A Jesucristo casi sólo se le recuerda por su martirio en la cruz. Muy pocos hablan de í‰l como el hombre que predicó con el ejemplo la solidaridad entre los seres humanos. Acaso por los sentimientos de culpa inducidos por el judeocristianismo, la mayoría de creyentes hace énfasis en la crucifixión como su mayor acto de amor. Es un amor que surge del martirio, del dolor y de la crueldad, que nos ha enseñado a darnos golpes en el pecho, a sentir que sólo mediante el castigo los seres humanos seremos redimidos. De ahí que evocando a Jesucristo se permitan tantas injusticias en el mundo.
A Jesucristo habría que verlo desde una perspectiva humana: fue un hombre de carne y hueso, tan humano que murió crucificado por sus actividades político-sociales. Desafiar al poder, a los mercaderes, le costó la condena de un sistema de poder corrupto, injusto y cruel.
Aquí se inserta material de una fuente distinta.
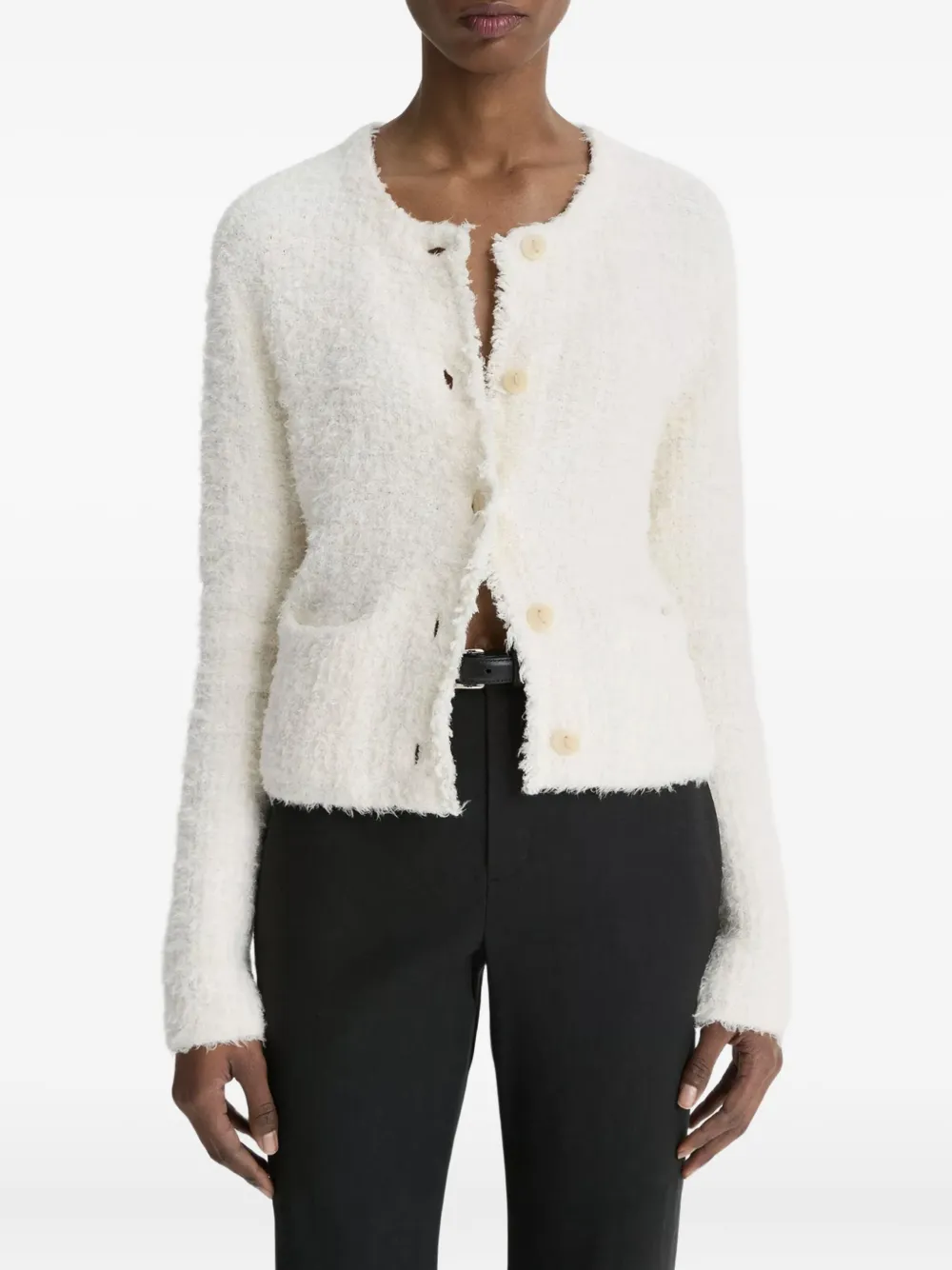 Твидовый пиджак с пуговицами спереди Vince, белый
Твидовый пиджак с пуговицами спереди Vince, белый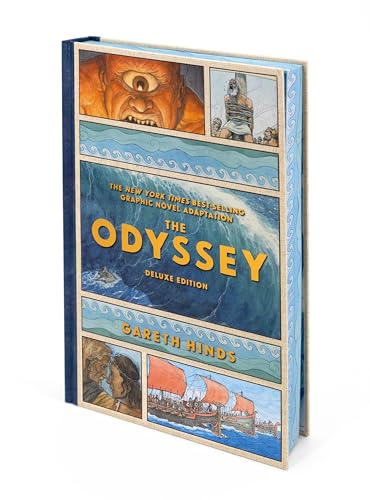 The Odyssey: A Graphic Novel: Deluxe Edition by Gareth Hinds, Hardcover book cover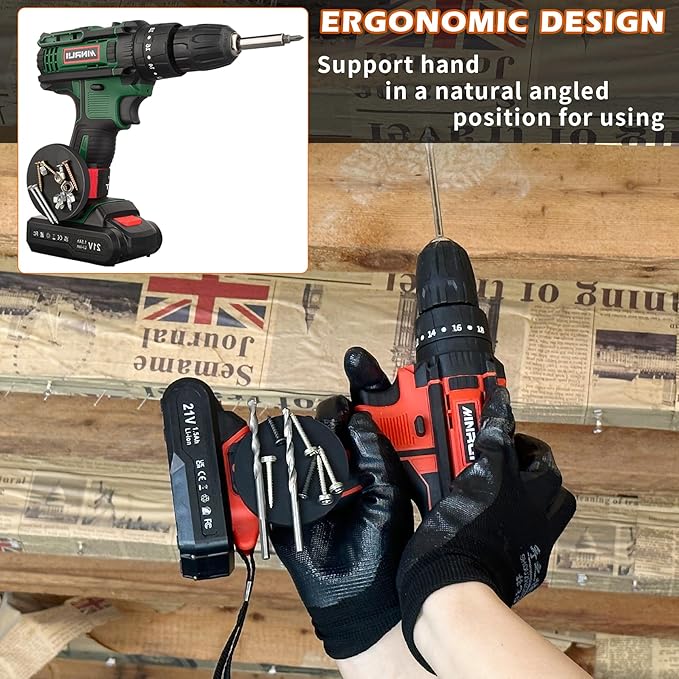 MUTUACTOR Magnetic Tool Holder - Heavy Duty, Quick Response, for Cordless Drills, Impact Wrenches, Screws, Bits, Nails & Hardware (1 Set)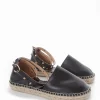 espadrilas fondo in gomma e soletto interno in vera pelle. Tomaia in morbidissima pelle nappata nero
Jesucristo encarna no sólo el sacrificio sino antes bien la aspiración elemental de todo ser humano por ser libres, justos y solidarios. Quien crea en Jesucristo y predique su palabra, tiene la obligación moral y ética de actuar en la práctica con aquellos principios y postulados del más célebre y universal de los libertadores de la humanidad.
Desde Jesucristo hasta la fecha, la vida, afortunadamente, nos ha dado también a personajes que con sus actos han perpetuado de alguna manera esos sentimientos que hicieron de aquél un líder indiscutido.
Quién no recuerda a un Espartaco redimiendo a su pueblo ante la barbarie del imperio romano, a Bolívar construyendo la Patria Grande desde el Sur de América, a Martí batallando con las ideas en el corazón mismo del imperio estadounidense, a Gandhi y su práctica de la no violencia, a Mandela liberando a Sudáfrica del racismo y la discriminación, a Guevara internacionalizando la emancipación de los pueblos y, así, una extensa lista de Hombres (con mayúscula) cuyo legado es cabal ejemplo de sacrificio por la libertad, la justicia y la solidaridad humanas.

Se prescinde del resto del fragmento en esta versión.